Pianist and composer, wife of Robert Bridges (1863–1949)

(Mary) Monica Bridges born Mary Monica Waterhouse (pseud) Matthew Barnes (31 August 1863 – 9 November 1949) was a British pianist, composer and collaborator with her husband the poet Robert Bridges. She made italic handwriting popular in British schools.

==Life==
Bridges was born in Victoria Park, Manchester, in 1863 and brought up in the grand house of Foxhill House near Reading which her parents lived in until 1881. Her mother, Elizabeth (born Hodgkin), taught her arts and crafts and she became a pianist and a composer. Her father, Alfred Waterhouse, was a prolific and very successful architect.

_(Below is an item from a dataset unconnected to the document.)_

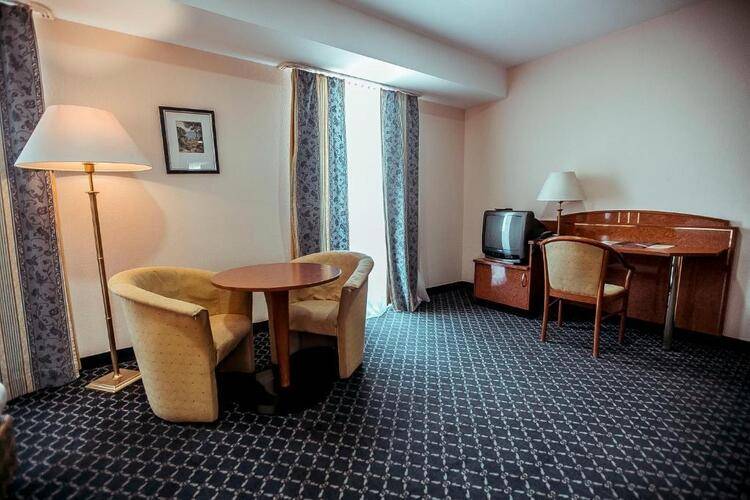 Shodlik Palace Hotel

She met her future husband when she was in her mid teens. They were artistic collaborators and they married in 1884.

In 1903 she and her daughter, Margaret, both got tuberculosis.

In 1905 her book (by M. M. Bridges), A New Handwriting for Teachers was published. She was a skilled calligrapher and this book is credited with making italic handwriting fashionable in British schools.

In 1907 using money left to them by her father they built a home in Chilswell.

In 1913 the Society for Pure English was formed with her husband getting the credit. Monica and her husband both served on the committee and they would jointly publish tracts under the shared pseudonym of Matthew Barnes. Other members included H. Bradley, Sir W. Raleigh and L. P. Smith. The society aimed to have clarity in communication and they wrote about issues relating to the derivation of words and their usage.

==Deaths and legacy==
Her husband died in 1930 and Bridges died in South London in 1949. Her (and her husband's) correspondence is held in the Bodleian Library.